Os desafios dos professores
Considerando que “[...] investigar matematicamente envolve a participação do aluno num processo ativo, em que seu esforço na construção do conhecimento se faz imprescindível” (VARIZO; MAGALHÃES, 2016, p. 23), nós assumimos aqui que também encontramos dificuldades para trabalhar com a IM na sala de aula. Uma das dificuldades diz respeito ao hábito que nós, professores, temos de sempre mostrar aos alunos a pergunta do problema proposto, indicando o que deverá ser feito por eles, como se o caminho e a resposta fossem únicos. É verdade que, em muitas situações, isso pode ser desejado, mas as tarefas que criamos e apresentamos aos nossos alunos têm propósitos bastante definidos e não buscam somente uma solução, muito menos esperam por um único caminho a ser trilhado nessa busca.
Outro ponto a ser considerado é o excesso de ansiedade que a turma demonstrava, ao se deparar com as tarefas apresentadas pelos professores, levando em consideração a abordagem da IM na sala de aula. Observamos que, talvez por trabalharmos com crianças na faixa de 10 anos, os alunos despendiam bastante tempo desenhando e colorindo o material impresso que era fornecido pelos professores, desviando a sua atenção da tarefa inicialmente proposta. Entretanto, nós queremos ratificar que permitimos e estimulamos a criatividade artística dos nossos alunos, em todas as instâncias possíveis.
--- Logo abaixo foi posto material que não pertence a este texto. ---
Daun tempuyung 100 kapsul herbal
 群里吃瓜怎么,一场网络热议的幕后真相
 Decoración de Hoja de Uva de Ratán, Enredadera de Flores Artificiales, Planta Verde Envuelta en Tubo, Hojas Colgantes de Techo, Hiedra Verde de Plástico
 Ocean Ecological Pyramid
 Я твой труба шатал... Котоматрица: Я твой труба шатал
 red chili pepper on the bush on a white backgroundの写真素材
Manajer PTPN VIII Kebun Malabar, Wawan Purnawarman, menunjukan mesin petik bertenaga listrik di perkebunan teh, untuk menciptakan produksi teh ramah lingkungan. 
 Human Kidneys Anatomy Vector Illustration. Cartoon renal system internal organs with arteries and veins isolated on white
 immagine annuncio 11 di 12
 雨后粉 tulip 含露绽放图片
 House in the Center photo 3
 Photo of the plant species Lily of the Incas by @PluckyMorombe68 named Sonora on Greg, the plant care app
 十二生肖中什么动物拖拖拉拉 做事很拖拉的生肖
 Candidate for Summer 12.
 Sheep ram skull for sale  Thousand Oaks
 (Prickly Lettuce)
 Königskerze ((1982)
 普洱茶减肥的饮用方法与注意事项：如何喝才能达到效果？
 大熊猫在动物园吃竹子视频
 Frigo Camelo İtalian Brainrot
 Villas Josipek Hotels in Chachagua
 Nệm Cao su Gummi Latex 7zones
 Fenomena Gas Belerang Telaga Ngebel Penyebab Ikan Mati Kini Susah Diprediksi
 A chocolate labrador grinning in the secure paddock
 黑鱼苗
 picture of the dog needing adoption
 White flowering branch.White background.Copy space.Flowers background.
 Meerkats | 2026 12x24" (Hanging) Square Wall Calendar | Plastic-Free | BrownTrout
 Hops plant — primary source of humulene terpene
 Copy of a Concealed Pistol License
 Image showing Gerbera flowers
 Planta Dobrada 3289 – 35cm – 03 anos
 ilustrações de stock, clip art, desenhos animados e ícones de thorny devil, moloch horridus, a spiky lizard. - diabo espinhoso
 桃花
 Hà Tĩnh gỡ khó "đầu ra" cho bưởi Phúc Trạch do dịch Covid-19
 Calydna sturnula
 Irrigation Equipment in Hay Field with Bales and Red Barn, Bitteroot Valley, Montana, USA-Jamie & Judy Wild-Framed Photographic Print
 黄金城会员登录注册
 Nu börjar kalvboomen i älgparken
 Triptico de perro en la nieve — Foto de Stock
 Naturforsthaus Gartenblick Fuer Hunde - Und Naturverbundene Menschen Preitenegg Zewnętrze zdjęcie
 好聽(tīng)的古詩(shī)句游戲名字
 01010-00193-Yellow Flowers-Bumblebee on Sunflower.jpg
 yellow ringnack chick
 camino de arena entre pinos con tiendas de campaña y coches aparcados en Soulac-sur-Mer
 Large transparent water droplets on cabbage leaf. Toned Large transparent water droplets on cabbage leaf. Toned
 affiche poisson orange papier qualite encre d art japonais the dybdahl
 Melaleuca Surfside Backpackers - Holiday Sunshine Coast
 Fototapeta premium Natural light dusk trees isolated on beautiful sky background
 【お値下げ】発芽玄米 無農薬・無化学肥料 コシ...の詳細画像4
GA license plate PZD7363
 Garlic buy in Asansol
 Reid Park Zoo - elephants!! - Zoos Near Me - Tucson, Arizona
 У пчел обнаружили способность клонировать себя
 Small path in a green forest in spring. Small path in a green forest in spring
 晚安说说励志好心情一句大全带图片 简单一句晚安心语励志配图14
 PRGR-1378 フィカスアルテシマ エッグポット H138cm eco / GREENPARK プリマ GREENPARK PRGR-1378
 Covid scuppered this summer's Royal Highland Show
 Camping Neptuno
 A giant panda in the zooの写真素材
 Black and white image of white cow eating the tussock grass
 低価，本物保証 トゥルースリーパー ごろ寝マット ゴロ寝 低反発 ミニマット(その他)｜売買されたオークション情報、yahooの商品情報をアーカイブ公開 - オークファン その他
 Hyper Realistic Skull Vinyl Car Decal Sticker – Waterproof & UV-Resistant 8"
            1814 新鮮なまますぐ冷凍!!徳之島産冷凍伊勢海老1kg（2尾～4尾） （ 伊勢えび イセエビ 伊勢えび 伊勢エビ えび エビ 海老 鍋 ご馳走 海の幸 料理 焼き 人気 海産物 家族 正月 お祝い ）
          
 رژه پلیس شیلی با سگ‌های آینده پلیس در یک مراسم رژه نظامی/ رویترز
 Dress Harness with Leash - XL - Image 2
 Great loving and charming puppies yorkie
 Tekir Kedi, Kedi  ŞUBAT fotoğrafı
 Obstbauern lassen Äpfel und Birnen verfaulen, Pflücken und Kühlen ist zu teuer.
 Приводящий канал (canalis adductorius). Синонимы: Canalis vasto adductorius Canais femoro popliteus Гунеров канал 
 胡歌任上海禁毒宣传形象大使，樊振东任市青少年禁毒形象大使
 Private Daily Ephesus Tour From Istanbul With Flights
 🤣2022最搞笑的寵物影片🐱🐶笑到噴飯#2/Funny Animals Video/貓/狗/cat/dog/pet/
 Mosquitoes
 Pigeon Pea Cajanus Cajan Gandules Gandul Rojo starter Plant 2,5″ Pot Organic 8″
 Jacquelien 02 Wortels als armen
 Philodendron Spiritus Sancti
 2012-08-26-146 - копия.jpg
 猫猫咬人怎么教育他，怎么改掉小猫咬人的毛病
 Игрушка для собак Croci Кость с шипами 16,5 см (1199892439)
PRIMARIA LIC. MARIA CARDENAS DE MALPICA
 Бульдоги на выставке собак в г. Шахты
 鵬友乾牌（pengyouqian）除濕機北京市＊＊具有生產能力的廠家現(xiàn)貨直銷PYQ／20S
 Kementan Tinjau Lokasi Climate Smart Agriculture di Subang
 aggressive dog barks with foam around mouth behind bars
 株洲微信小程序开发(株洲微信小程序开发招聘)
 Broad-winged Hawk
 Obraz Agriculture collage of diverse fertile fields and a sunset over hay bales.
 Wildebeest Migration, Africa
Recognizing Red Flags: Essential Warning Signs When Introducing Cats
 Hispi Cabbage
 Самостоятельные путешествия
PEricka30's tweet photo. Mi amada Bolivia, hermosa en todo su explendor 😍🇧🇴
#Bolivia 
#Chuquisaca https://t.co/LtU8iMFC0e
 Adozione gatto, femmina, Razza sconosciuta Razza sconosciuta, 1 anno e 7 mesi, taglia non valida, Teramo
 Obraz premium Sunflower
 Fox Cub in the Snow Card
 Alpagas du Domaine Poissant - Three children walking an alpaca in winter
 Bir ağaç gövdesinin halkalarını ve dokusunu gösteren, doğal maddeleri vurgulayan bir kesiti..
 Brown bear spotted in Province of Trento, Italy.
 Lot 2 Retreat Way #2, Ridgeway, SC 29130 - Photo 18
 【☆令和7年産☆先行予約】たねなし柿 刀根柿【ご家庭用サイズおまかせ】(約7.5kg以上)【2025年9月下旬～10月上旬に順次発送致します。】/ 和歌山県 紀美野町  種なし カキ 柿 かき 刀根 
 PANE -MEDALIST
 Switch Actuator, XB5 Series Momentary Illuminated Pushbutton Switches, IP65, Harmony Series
Exemplo do que foi dito no parágrafo anterior pode ser encontrado na Figura 4, que apresenta adornos e estilos gráficos bastante definidos. Durante o nosso processo de busca de material para a análise e a escrita do presente texto, nos deparamos com uma “declaração de amor” às atividades do LEPEM, feita pela aluna M, no seu material de apoio. Esse tipo de registro nos mostra o quão gratificante tem sido o nosso esforço, na tentativa de tornar as aulas de Matemática mais interessantes e estimulantes para os alunos, tendo o privilégio de despertar nessas crianças o verdadeiro amor pelo conhecimento, nas suas variadas instâncias.
p.116Mais um ponto que queremos destacar é que coordenar a turma de forma produtiva no “3º momento”, no qual a exigência maior é o saber ouvir os colegas, é sempre um desafio para os professores. Os docentes também precisam exercitar a capacidade de síntese dos estudantes, que apresentam ou defendem os seus “achados” da investigação, sem interferir de forma contundente no debate e nas argumentações feitas pelos alunos, durante as suas exposições.
Parafraseando Vila e Callejo (2006), percebemos com o nosso trabalho que o uso da Investigação Matemática na sala de aula não é somente mais uma “tendência” a ser utilizada pelos professores, mas uma ferramenta para pensar matematicamente, um meio para criar ambientes de aprendizagem que formem sujeitos autônomos e críticos, capazes de enfrentar os problemas que temos atualmente na nossa sociedade ou aqueles que ainda estão por vir.